The New York State Department of Correctional Services (DCS) was an early leader in correctional composting, and now runs the most extensive effort in U.S. prison systems, part of a larger recycling effort that includes cardboard, electronics, textiles, tin cans, plastics, and other materials.
All of New York’s 70 facilities recycle and compost at some level. Out of a total population of 65,000 inmates, about 12,000 are daily engaged in these operations. The skills learned by inmates often result in job offers upon release. New York DCS Resource Management Director Jim Marion says his department is currently discussing ways of modifying the training system so that composting and recycling qualify as vocational training, and not just a work assignment.
But Marion says that the most important thing to remember is that correctional composting is a business. “We do a cost-benefit analysis on each site, and depending on the amount of avoided costs or savings, that will determine, to a certain extent, how much we invest in a facility,” says Marion. “Monthly, I get e-mail reports from every facility. That goes to the corrections commissioner and on to the governor's budget report.”
Those savings are substantial. “When one 1,500-inmate facility started their composting operation, their first month, the garbage bill went down by $3,500,” says Marion. In 2003, the New York DCS diverted 10,490 tons of food waste and the scrap wood waste used for bulking agent. At $130-per-ton for tipping, hauling and landfill fees, the department's overall averted costs for composting alone were $1,360,000. “Last year, our avoided cost was more than we paid for waste disposal within the entire department,” Marion reports.
Virginia is one of the more recent state prison systems to embrace correctional composting. Tommy Davis, the Virginia DOC's director of environmental services, consulted Jim Marion when he began his research on composting four years ago. Davis determined he did not have the space necessary for windrow composting, saying such an operation would have occupied 50 to 60 acres.
And because composting by windrow produces a powerful odor, windrows require more distance from a facility, leading to concerns that the operation would be too far from the secure perimeter. “You don't know when the inmates may be called back on the hill because of an escape or riot,” says Davis. “You have problems with seagulls and animals. You have stench.”
Instead of a windrow operation, Virginia went with state-of-the-art in-vessel composting units from Wright Environmental. The company's in-vessel units are fully enclosed and include a bio-filter, making them virtually smell-free. By keeping composting closer to a facility, transport distances from kitchen pick-up spots are shorter, streamlining operations.
In addition, Wright's in-vessel composting units are computer-operated. By regulating the decomposition conditions inside, the first stage of composting takes two weeks or less, compared to a three to four week cycle with an aerated bay or windrow.
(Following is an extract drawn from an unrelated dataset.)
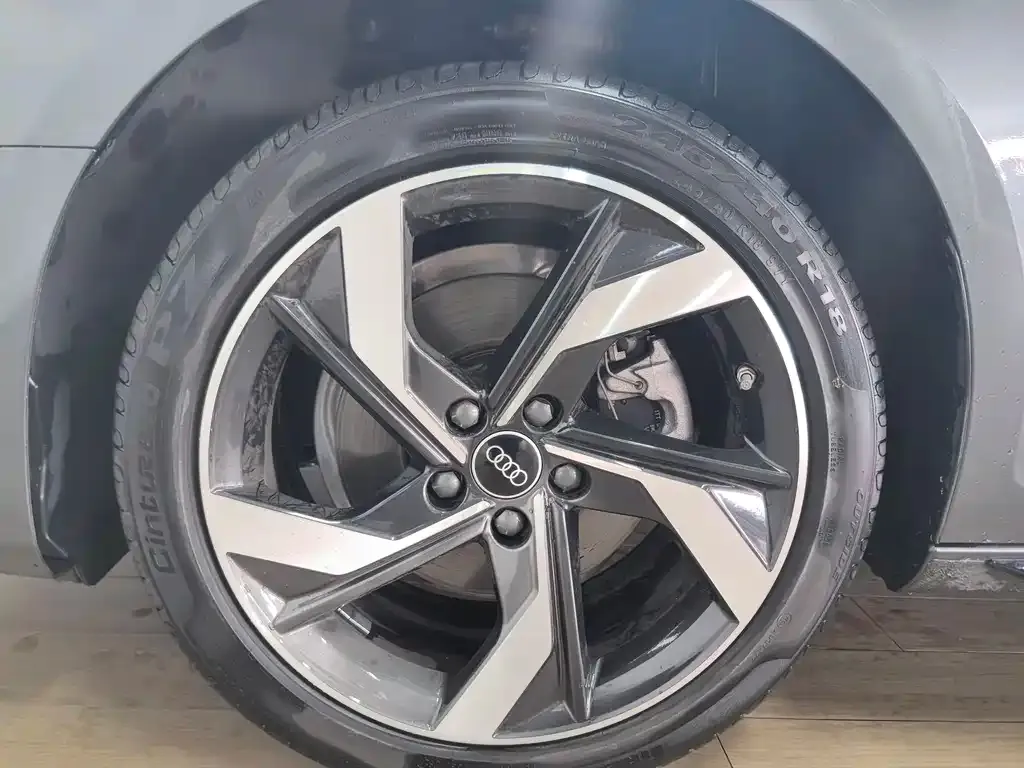 Audi A4L 2023 из CN, фото 7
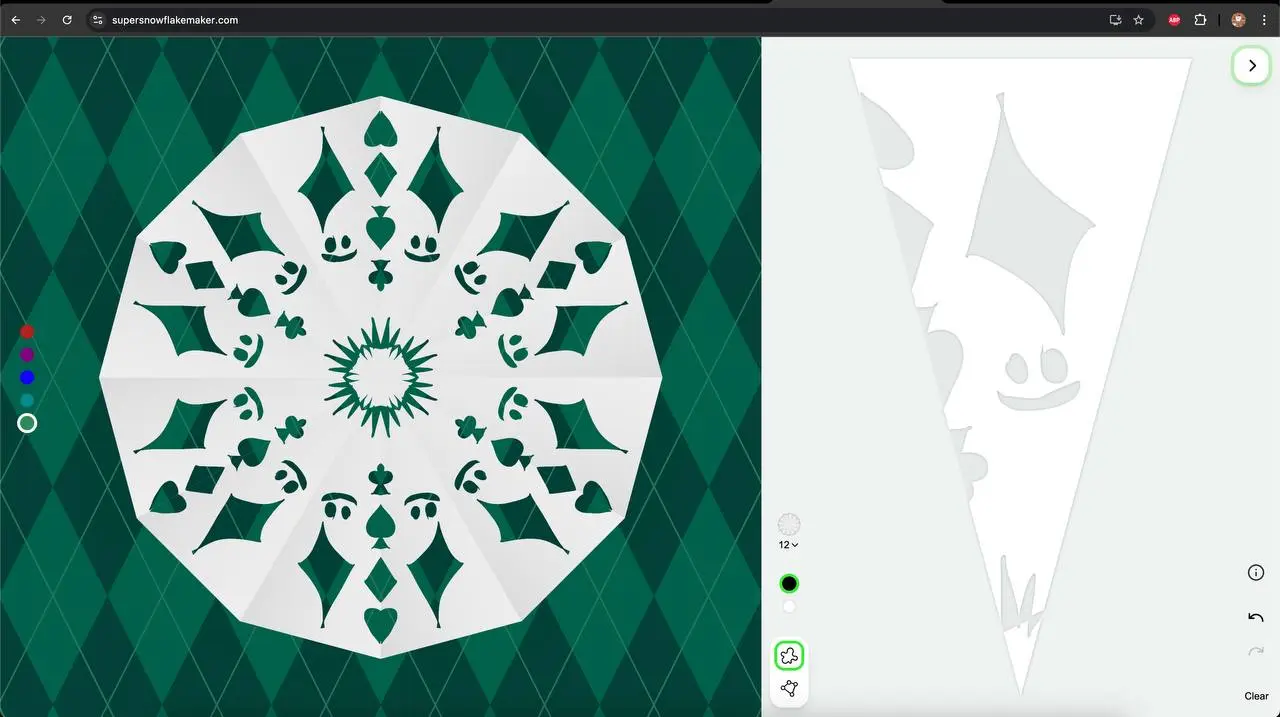 Самая новогодняя игра #КотиЗаи 🥳  
https://supersnowflakemaker | Сетка — социальная сеть от hh.ru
Davis also reports that the provider of the units was able to supply various sizes of in-vessel composters for different sized facilities, and that the company willingly provided service after the conclusion of the warranty.
The trade off for in-vessel composting is that the units are typically twice as expensive. “I have requested every year, through the Virginia general assembly, to get more money to put more composters in place,” says Davis. “We haven't got any money, but it's a cost saving program, and just as soon as it comes to their attention that we're saving, then I'm sure they'll start allocating money to buy more.”
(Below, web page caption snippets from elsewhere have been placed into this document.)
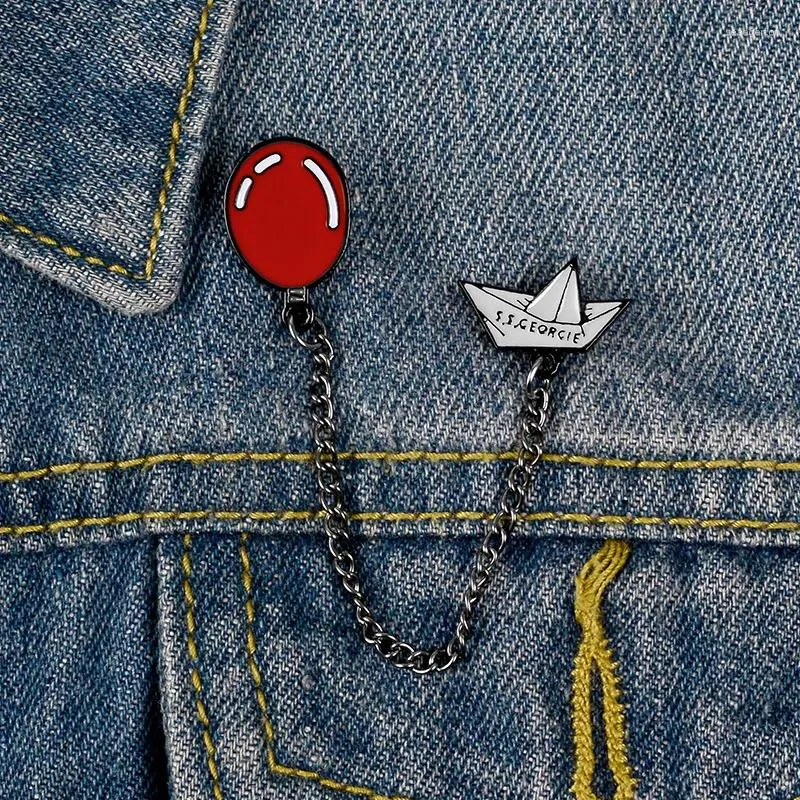 Brooches Boat Red Balloon Metal Chain Pins Halloween Horror SS Georgie Badge Brooch Lapel Pin Backpack Collar Hat Women Men Jewelry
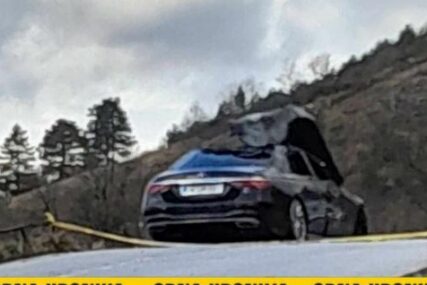 Još jedna paljevina: Izgorio skupocjeni Mercedes u blizini popularnog sarajevskog restorana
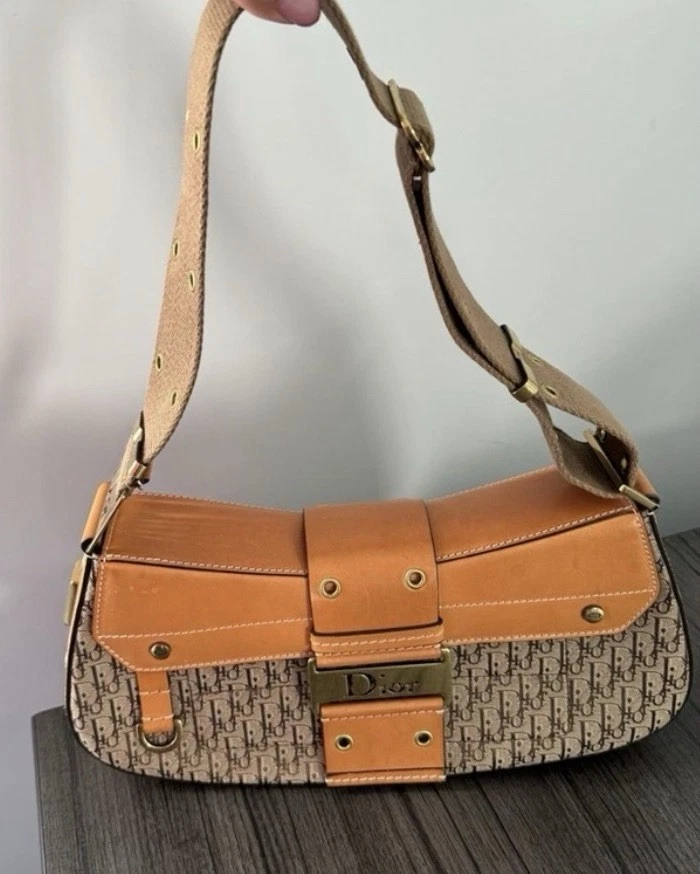 Esta é uma bolsa Columbus Vintage Christian Dior Street Chic em couro bege - Imagem 3 de 4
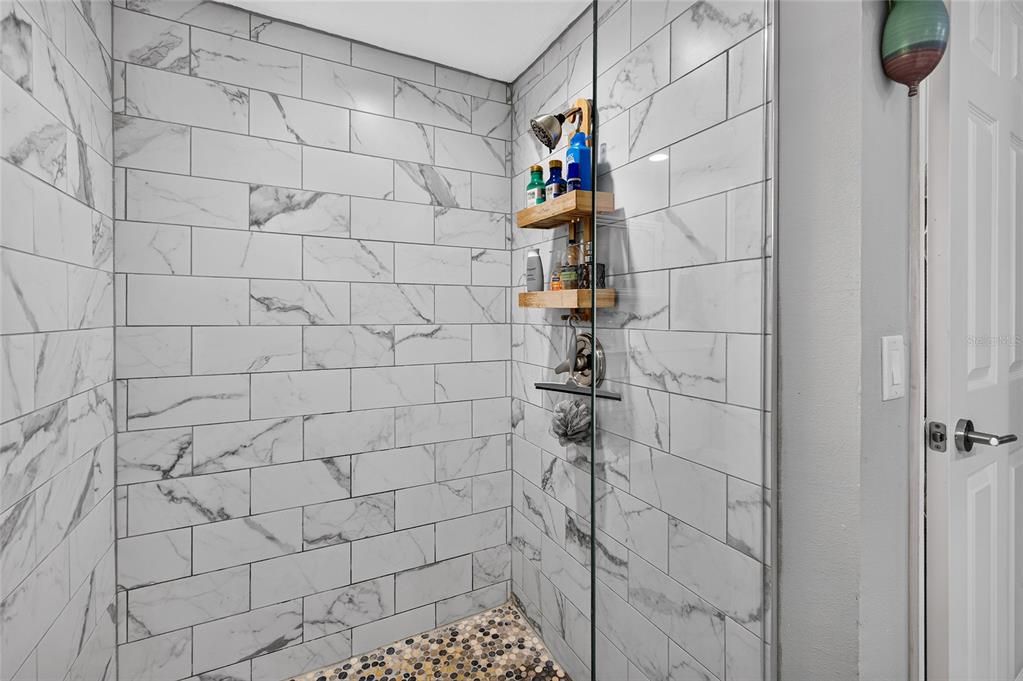 Activo con contrato: $379,000 (3 camas, 2 baños, 1758 Pies cuadrados)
“Not everyone has the capital. In order to get composting off the ground, someone at the commissioners' level really has to be committed to saving money,” says Marion, whose recycling program was also bolstered by New York's Solid Waste Management Act of 1988. “You have to be a little bit of a salesman.”
Marion acknowledges his depart was lucky to have support from both the state and his corrections commissioner, but notes that his program started small, without state-of-the-art technology. “We started with low-tech windrows on pad that were actually an abandoned parking lot.” What made the difference were the pilot studies that allowed him to prove his savings to the governor's budget office.
“Every year, they've given us more money to do it, but we had to show a positive balance,” Marion says.